Anna-Liisa rispolverò le sue abilità di docente con un breve excursus sulla trasformazione dei significati delle parole di origine straniera in finlandese, di cui a suo avviso la parola “mafia” era un esempio straordinario. Era improbabile che Mika avesse affermato che al Lieto Tramonto agiva un gruppo criminale organizzato.

«Credo che sia esattamente ciò che voleva dire» ribadì Siiri con fermezza. Era riuscita a riportare i suoi pensieri sul binario giusto. Irma, invece, aveva la testa nel pallone.

«Mio nipote è gay ed è davvero un tesorino adorabile, come anche il suo fidanzato. Mi portano sempre della toorta quando vengono a farmi visita. Lo fanno piuttosto spesso perché, ovviamente, non hanno figli. Anche se ho sentito alla radio che adesso gli uomini dovrebbero poter avere dei bambini. Ma come è possibile? Mio nipote e il suo fidanzato si sono fatti il certificato e hanno in adozione un cagnolino marrone.»

«I cani non si adottano» disse Anna-Liisa, interrompendo le fantasie di Irma.

«Ma era un trovatello, il cane intendo. L’hanno portato in aereo dalla Spagna, e mio nipote insieme al suo fidanzato ufficiale si è ritrovato a compilare un sacco di documenti per poter diventare genitori dell’orfanello. Dovunque vanno lo portano sempre con loro, sono venuti anche qui da me tante volte col cane, e io gli do sempre del pasticcio di fegato e riso, ma sembra che non vada bene, gli si deve comprare del fegato di maiale fresco al mercato.
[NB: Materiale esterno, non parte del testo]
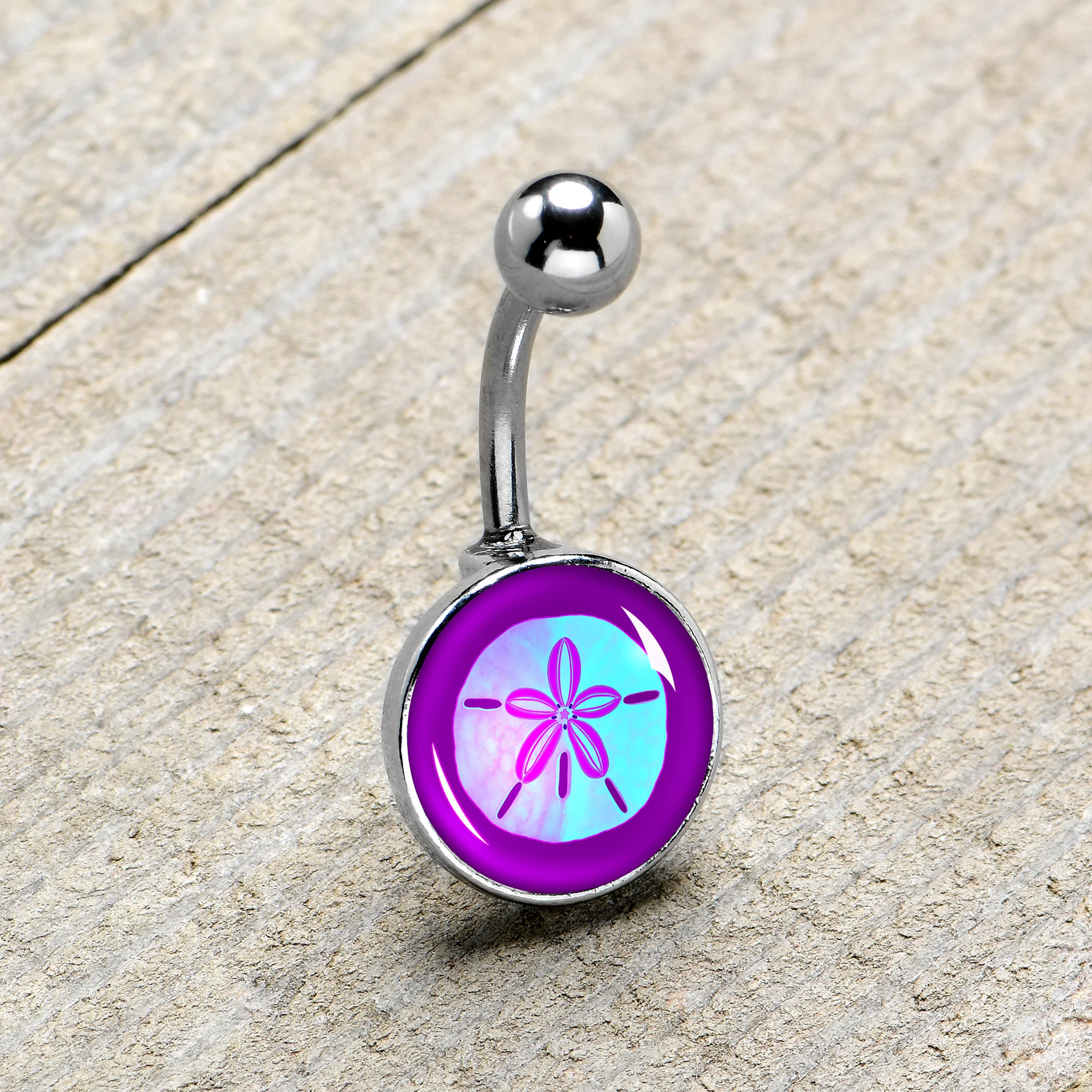 Purple Nautical Sand Dollar Belly Ring by Onyx O - Image 8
Pensa un po’, per un randagio!»

Irma rise e Siiri iniziò a innervosirsi perché Anna-Liisa sembrava più interessata al cane dei tesorini che a Mika. Ricordò allora quello che aveva detto sull’assistente sociale. Secondo il tassista, Pasi era una vecchia conoscenza della polizia.
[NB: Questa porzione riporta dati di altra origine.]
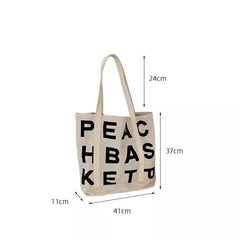Women Canvas Shoulder Bag Letter Printing Ladies Casual Handbag Tote Bag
«Ha detto proprio così?» chiese Anna-Liisa puntigliosa. «Vuol dire che è un criminale, come questo vostro Mika, o che collabora con la polizia?»

«Ah, questo non lo so. Pasi è in qualche modo collegato al fatto che Tero era stato interrogato dalla polizia. Cosa può significare?» Siiri si sentiva spiacevolmente a disagio, non aveva certezze e il piglio indagatore di Anna-Liisa non migliorava la situazione. «Se ben ricordo, Mika ha detto che Sinikka Sundström aveva provato a far star buona la polizia licenziando Pasi. Sì, mi pare che fosse così.»

«Scusa, chi è Sinikka Sundström?» chiese Irma.

Siiri sentì un boato nella testa, come se qualcuno l’avesse colpita. Allarmata guardò Anna-Liisa, che invece non era affatto sconvolta e spiegava con calma di chi stessero parlando. Anche lei aveva notato che i momenti di confusione di Irma erano sempre più frequenti. Dopo averla tranquillizzata, Anna-Liisa si voltò seria verso Siiri e le disse che doveva mettersi in contatto con Mika Korhonen al più presto. Quell’uomo poteva essere di grande aiuto.

«Ma non abbiamo il suo numero di telefono!» esclamò Siiri intimorita. Come potevano essere state così stupide? E come poteva non averci pensato nemmeno Mika? Forse era davvero un criminale che aveva solo bisogno delle loro informazioni? E se si fosse inventato tutto di sana pianta?

«Calmati» le disse Anna-Liisa, trattandola come una ragazzina che non sapeva ripetere la declinazione dei casi. «Non si è potuto inventare tutto, era a conoscenza di troppi fatti. E se è un criminale, abbiamo il dovere d’immischiarci nei suoi affari.»

Ovviamente aveva ragione, e Siiri ammirava il suo coraggio. Anna-Liisa sembrava decisamente entusiasta della possibilità di arrivare a far luce sull’attività di un’organizzazione criminale al Lieto Tramonto. Tuttavia, solo a Helsinki ci saranno stati dieci Mika Korhonen. E il loro Mika Korhonen non sapevano nemmeno dove abitasse. Dovevano mettersi a telefonare a tutti quelli sull’elenco?

«La gente non mette più i propri dati negli elenchi. I numeri e gli indirizzi si trovano su Internet. E poi lo si potrebbe cercare su Facebook» disse Anna-Liisa, pronunciando quella parola esotica con una cadenza ritmata, come se fosse italiana.

«E se invece ci mettessimo ad andare in giro in taxi?» propose Siiri. «Forse un giorno potremmo imbatterci nel taxi di Mika.»

Sperò che quell’idea riportasse Irma alla realtà, ma lei, sulla scomoda sedia del salottino, era piombata in un sonno profondo. La testa ciondolava mestamente abbandonata e la borsetta viola era caduta sul pavimento. Era così silenziosa che per un attimo credettero che fosse morta. Ma grazie a Dio respirava, anche se non si svegliò quando Anna-Liisa le picchiettò forte sul dorso della mano.